Pickleball Program Coming to NYC Schools, Public & Private
The program, which began on Feb. 4, has its Manhattan test cases at the Allen-Stevenson School and the East Side Community School. Sponsors are calling the introduction of an up-and-coming K-12 sport a “historic milestone.”
A pickleball program for NYC school students is coming to the five boroughs, with one private school and one public school—the Allan Stevenson School on E. 78th St., and the East Side Community School on E. 12th St.—serving as the first Manhattan test cases.
The initiative began on Feb. 4, and aims to bring the insurgent sport to the “hands of every single NYC public student.” It is slated to spread to other schools in the coming months.
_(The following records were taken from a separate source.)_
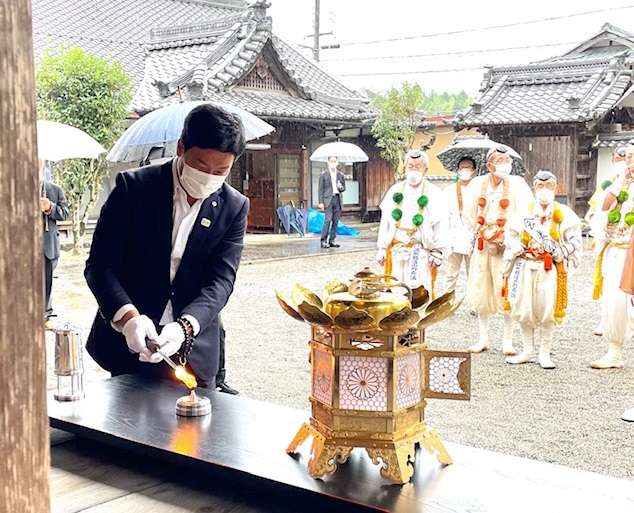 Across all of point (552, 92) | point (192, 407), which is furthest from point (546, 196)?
point (552, 92)

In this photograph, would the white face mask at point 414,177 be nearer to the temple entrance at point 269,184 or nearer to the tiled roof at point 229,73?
the tiled roof at point 229,73

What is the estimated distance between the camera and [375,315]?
1778mm

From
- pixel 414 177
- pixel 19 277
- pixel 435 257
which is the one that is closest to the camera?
pixel 19 277

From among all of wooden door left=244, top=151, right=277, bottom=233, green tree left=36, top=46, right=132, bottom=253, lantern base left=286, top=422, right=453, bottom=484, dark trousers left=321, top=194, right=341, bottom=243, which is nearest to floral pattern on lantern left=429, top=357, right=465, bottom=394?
lantern base left=286, top=422, right=453, bottom=484

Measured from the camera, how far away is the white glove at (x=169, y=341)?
2.48m

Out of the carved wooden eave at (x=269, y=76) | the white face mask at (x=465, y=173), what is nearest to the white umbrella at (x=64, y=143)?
the white face mask at (x=465, y=173)

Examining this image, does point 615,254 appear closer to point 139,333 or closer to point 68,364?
point 139,333

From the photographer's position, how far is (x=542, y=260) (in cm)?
646

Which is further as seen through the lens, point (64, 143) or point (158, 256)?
point (64, 143)

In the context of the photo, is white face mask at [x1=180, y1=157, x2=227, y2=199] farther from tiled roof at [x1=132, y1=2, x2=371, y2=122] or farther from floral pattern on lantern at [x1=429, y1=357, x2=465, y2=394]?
tiled roof at [x1=132, y1=2, x2=371, y2=122]

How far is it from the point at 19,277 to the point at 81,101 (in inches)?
528

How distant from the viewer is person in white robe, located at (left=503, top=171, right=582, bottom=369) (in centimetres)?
645

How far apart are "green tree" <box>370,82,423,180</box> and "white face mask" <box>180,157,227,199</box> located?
52.7 ft

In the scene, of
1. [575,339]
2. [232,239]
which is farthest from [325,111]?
[232,239] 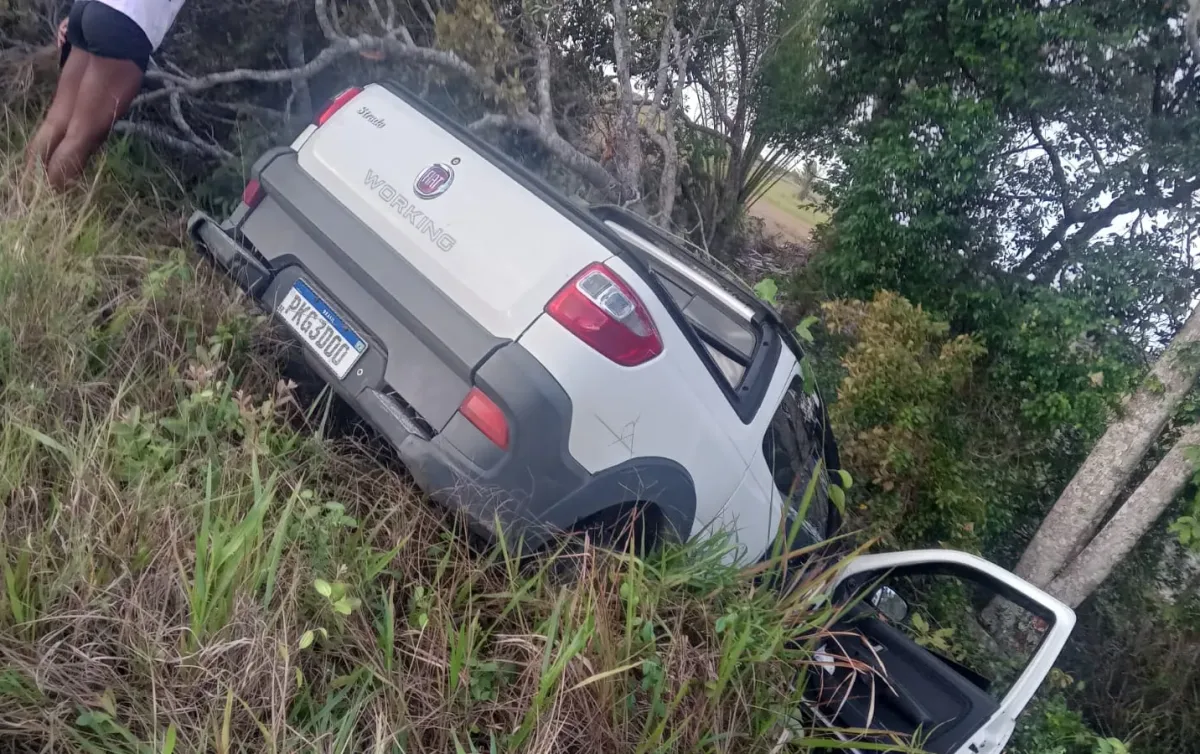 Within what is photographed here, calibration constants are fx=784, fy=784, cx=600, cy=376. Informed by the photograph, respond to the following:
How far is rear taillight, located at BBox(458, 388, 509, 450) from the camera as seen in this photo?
6.93 feet

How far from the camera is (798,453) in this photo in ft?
9.96

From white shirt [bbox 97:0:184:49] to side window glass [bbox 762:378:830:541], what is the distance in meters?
2.79

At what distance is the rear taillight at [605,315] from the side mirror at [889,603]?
6.09 ft

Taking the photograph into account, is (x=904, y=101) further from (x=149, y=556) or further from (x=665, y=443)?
(x=149, y=556)

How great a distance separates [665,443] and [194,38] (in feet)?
11.8

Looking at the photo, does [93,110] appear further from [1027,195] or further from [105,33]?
[1027,195]

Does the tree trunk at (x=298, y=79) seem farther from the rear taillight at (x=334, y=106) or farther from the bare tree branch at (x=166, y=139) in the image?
the rear taillight at (x=334, y=106)

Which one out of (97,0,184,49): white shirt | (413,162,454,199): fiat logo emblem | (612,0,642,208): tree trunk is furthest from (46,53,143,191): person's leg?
(612,0,642,208): tree trunk

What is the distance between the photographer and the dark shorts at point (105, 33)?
9.65ft

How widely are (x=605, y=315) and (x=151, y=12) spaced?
228cm

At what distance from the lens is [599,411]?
218 cm

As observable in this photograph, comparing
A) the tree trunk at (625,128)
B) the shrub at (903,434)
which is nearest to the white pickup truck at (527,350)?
the shrub at (903,434)

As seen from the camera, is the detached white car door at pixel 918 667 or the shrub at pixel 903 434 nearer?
the detached white car door at pixel 918 667

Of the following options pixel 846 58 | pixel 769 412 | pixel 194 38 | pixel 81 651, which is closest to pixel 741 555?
pixel 769 412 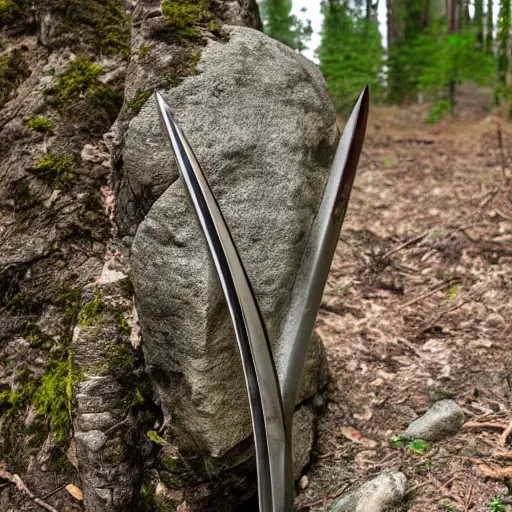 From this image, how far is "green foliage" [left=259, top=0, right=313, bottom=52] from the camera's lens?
616 centimetres

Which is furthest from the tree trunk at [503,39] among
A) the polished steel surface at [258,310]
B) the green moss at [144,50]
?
the green moss at [144,50]

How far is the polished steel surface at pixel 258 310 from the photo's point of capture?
5.51 feet

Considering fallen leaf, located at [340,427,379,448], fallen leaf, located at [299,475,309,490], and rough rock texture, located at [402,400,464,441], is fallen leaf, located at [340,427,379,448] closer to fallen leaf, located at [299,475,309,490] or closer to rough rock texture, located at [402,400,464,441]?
rough rock texture, located at [402,400,464,441]

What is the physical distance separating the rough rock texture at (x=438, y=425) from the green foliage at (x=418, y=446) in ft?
0.07

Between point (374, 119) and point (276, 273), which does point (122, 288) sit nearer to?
point (276, 273)

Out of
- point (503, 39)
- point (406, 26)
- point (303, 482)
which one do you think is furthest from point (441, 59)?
point (303, 482)

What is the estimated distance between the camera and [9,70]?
2.67 m

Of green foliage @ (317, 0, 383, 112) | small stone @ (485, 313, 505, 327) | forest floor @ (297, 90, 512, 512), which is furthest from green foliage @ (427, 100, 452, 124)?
small stone @ (485, 313, 505, 327)

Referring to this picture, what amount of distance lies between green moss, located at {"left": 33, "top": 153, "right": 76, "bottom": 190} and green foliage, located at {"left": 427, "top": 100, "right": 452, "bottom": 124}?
5.52m

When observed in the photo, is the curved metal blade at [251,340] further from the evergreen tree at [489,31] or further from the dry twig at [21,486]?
the evergreen tree at [489,31]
The roll-out, which will be overseen by a pickleball networking company known as Conquer, is being facilitated by the Major League Pickleball team known as Brooklyn Pickleball Team; Conquer Kids serves as the official youth partner of the MLP team.
JOOL, a pickleball apparel company, will also participate. Major League Pickleball is itself sponsored by DoorDash. Meanwhile, the Brooklyn Pickleball Team has an array of famous stakeholders including Eva Longoria, Justin Verlander, and Odell Beckham Jr.
“This is a first-of-its-kind partnership, and it’s exactly what the sport needs right now,” Conquer Kids Co-Founder Louis Long said in a statement.
“Pickleball is growing at an incredible pace, but growth only matters if it’s accessible. By partnering with the Brooklyn Pickleball Team and JOOLA, we’re ensuring kids across all five boroughs have the opportunity to learn, play, and fall in love with the game,” Long added.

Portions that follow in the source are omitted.